Tennessee Williams’ dialogue is naturalistic inasmuch as we can feel the southern heat in its details. It’s nearly expressionist in its evocativeness. It’s quintessentially American. Williams is served very well in 2 by Tennessee Williams, a pair of Williams’ one-act plays, 27 Wagons Full of Cotton and Kingdom of Earth, produced by Fabco Productions at St. Luke's Theater.
Williams called 27 Wagons Full of Cotton “a Mississippi Delta Comedy”. It’s comprised mostly of a seduction scene. Jake has burned down Silva’s cotton gin so that Silva has to contract the work ginning out the cotton to him.
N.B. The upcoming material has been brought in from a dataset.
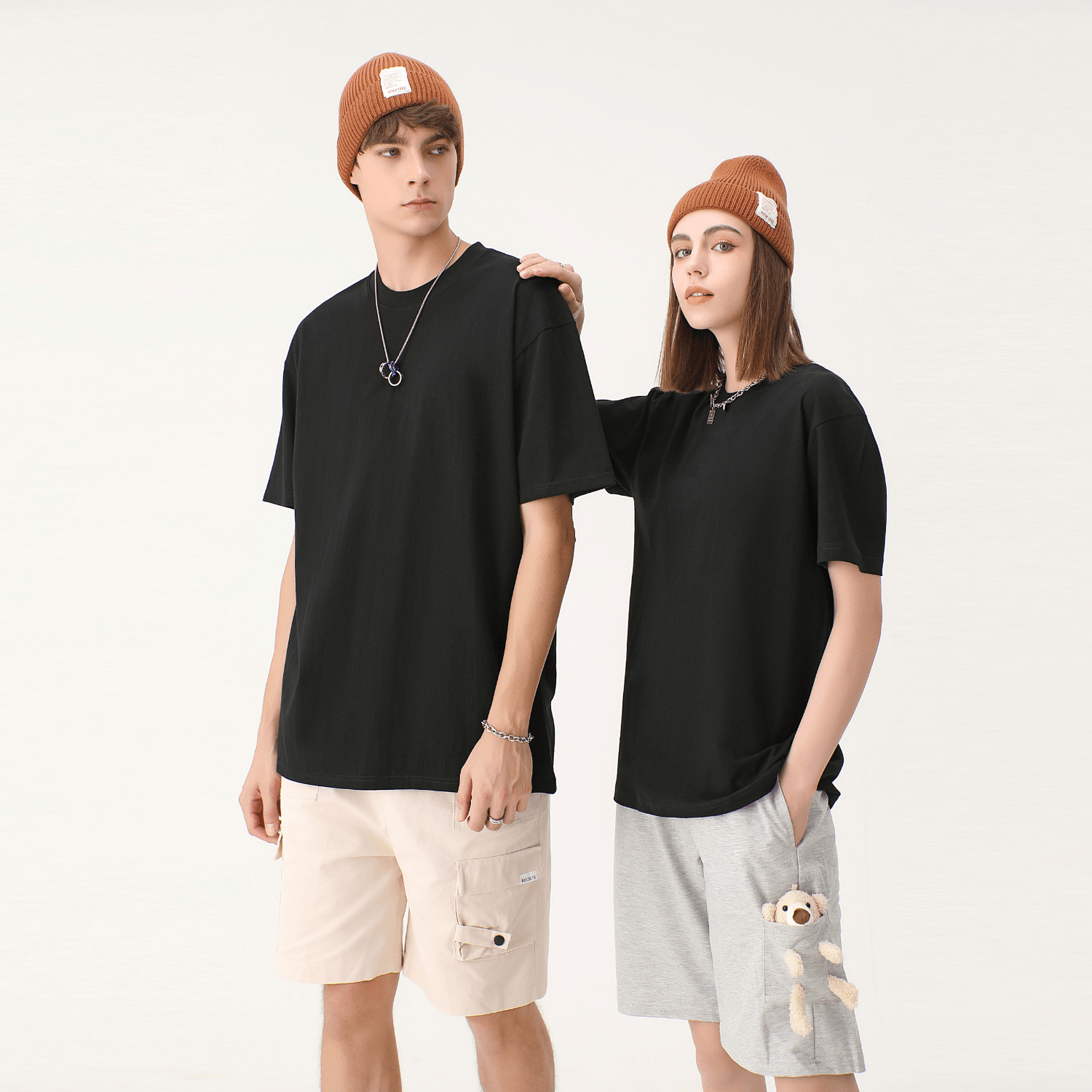 Drop Shoulder Seamless T-Shirt - 200G | Streetwear Apparel-2
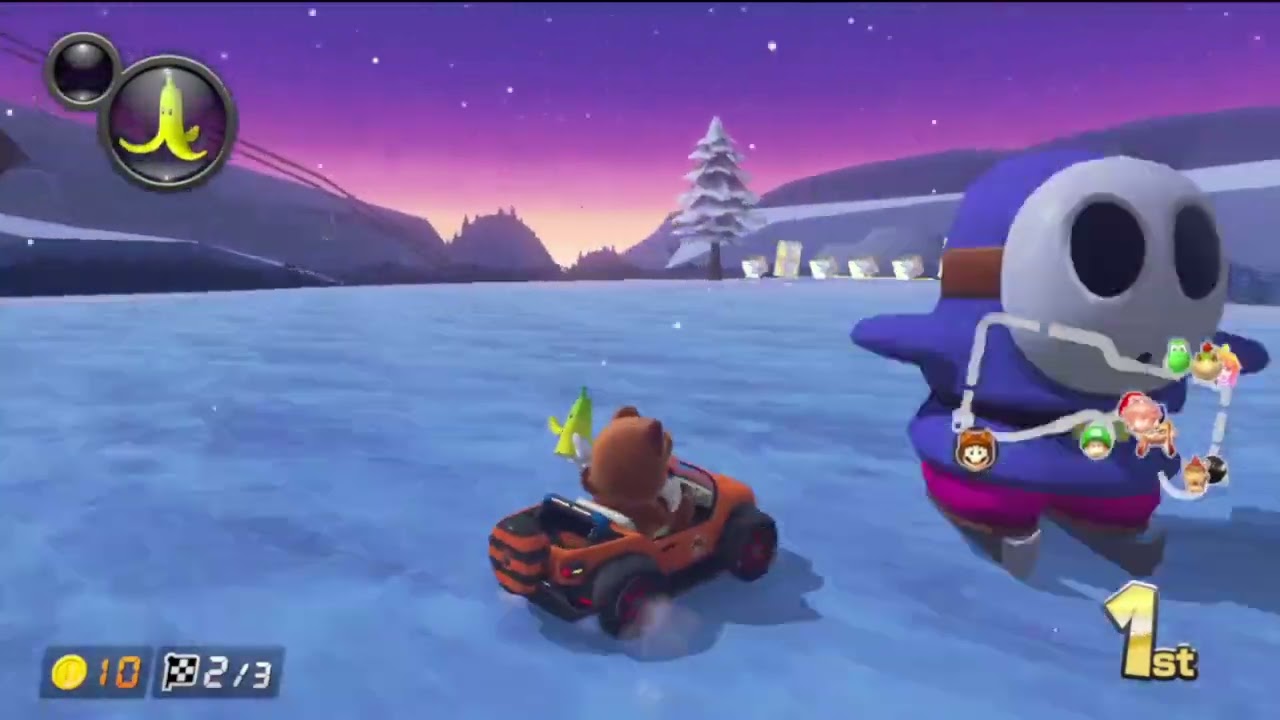 Mario Kart 8 Deluxe: Custom Track - Alpine Skyway [Christmas Edition]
Left alone with Jake’s wife, Flora, for the afternoon while Jake is doing the work, Silva figures out what Jake has done from things that Flora says. He retaliates by methodically seducing Flora. That evening, when Jake returns and Silva has left, Flora tells Jake that she expects Silva to return with more orders.
Kathryn Luce Garfunkel gives us marvelous work as Flora. Flora is intellectually vapid and temperamentally a child, and not a precocious child. “You’ll have to excuse me from thinking. I’m too lazy,” she says to Silva. She’s hardly puts up resistance to the seduction: “My knees are so weak. They’re like water.” But Williams’ characters are never stereotypes and Ms. Garfunkel succeeds through her own belief in the character. We accept Flora on Williams’ terms because the actress expresses her so honestly. She has a flawless, unaffected acting technique. With little to do in the last scene except give little laughs, she’s totally believable.
Jake is hardly any brighter than Flora, too dumb to know he’s being deceived, and Mike Keller does a great job portraying him. Justin Holcomb is suitably masterful as Silva.
In Kingdom of Earth (not to be confused with Williams’ full-length play of that name) Lot brings Myrtle, his wife a one day, to his farm where his brother, Chicken, lives. The river is rising and they’re going to have to go up to the roof. Lot spends the play offstage, upstairs, dying, and Chicken and Myrtle are left to themselves. Chicken convinces Myrtle to tear up her marriage license so that he’ll inherit the farm and Myrtle is happy to do so.
Williams creates a surreal personal landscape in this Mississippi Delta farmhouse. Referring to the low sound of water in flood, Chicken says “If God had a voice, it would sound like that.”
The play works through Williams’ dialogue and the formidable talents of Mike Keller, who plays Chicken,. Through solid analysis and technique he gives us a complex and sympathetic portrayal of this lonely farmer who sees in his brother’s death merely an inheritance. “Chicken is king,” he shouts at the end of the play, after Lot’s death. Judy Jerome is satisfying as Myrtle.
The actors in both plays flourish under the direction of Marilyn Fried. Her direction succeeds in being simultaneously dynamic and subtle. It never calls attention to itself; it serves the playwright.
The company does great and careful work with dialect. The southern accents are a delight to hear.
John Lant’s and Sam Figueira’s set for 27 Wagons consists almost exclusively of a swing large enough for two. The set for Kingdom of Earth, a farmhouse, is more fleshed out, and handsome.
Williams’ attitude toward the seduction of women is unfortunate. Flora tells Silva not to follow her into the house although she has clearly been enjoying the seduction. And Myrtle tells Chicken that when she was younger her employer “took me by force,” yet she developed a romantic relationship with him. For Williams, there’s a fine line between seduction and rape.
Congratulations to Fabco Productions. 2 by Tennessee Williams is a terrific show.